:: To do ::
What is needed is every line, exactly as given, from the line containing "India Powder Coatings" through the end of the data below.

[Saved entries]
Content starts

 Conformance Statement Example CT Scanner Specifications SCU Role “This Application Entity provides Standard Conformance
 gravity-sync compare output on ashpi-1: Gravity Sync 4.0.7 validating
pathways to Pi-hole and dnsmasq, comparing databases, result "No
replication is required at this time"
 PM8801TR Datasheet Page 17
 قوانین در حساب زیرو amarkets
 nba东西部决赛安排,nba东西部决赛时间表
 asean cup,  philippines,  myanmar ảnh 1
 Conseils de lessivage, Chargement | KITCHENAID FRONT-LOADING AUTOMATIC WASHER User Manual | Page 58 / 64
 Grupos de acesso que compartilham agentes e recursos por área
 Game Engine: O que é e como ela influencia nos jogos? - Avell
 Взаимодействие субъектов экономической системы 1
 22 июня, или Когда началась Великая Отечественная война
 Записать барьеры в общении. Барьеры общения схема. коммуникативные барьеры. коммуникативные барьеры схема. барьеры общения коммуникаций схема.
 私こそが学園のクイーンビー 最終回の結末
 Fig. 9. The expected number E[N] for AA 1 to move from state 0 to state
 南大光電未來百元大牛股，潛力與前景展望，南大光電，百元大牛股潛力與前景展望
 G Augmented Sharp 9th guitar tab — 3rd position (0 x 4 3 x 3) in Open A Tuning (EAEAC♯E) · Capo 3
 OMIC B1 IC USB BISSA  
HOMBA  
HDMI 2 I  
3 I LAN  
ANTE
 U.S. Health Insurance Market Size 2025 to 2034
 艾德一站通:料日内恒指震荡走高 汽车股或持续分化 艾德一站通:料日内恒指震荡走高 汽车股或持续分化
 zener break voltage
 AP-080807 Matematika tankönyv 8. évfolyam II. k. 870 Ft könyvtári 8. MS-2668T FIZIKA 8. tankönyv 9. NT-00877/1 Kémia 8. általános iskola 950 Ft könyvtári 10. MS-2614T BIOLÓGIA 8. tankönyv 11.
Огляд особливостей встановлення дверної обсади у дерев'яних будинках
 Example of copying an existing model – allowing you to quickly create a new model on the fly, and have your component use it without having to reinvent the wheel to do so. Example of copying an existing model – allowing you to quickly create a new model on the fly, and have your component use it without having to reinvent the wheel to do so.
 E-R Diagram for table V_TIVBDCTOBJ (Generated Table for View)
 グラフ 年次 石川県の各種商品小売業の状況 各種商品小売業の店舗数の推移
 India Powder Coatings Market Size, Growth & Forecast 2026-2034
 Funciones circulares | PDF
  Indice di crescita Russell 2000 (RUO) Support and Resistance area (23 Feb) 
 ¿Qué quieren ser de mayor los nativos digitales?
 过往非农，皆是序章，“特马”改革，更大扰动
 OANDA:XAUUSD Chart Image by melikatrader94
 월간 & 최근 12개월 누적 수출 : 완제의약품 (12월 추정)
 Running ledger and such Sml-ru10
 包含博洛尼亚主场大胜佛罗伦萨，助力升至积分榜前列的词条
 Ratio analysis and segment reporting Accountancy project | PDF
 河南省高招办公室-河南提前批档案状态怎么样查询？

Content ends

:: Finished exercise ::
 India Powder Coatings Market Size, Growth & Forecast 2026-2034
 Funciones circulares | PDF
  Indice di crescita Russell 2000 (RUO) Support and Resistance area (23 Feb) 
 ¿Qué quieren ser de mayor los nativos digitales?
 过往非农，皆是序章，“特马”改革，更大扰动
 OANDA:XAUUSD Chart Image by melikatrader94
 월간 & 최근 12개월 누적 수출 : 완제의약품 (12월 추정)
 Running ledger and such Sml-ru10
 包含博洛尼亚主场大胜佛罗伦萨，助力升至积分榜前列的词条
 Ratio analysis and segment reporting Accountancy project | PDF
 河南省高招办公室-河南提前批档案状态怎么样查询？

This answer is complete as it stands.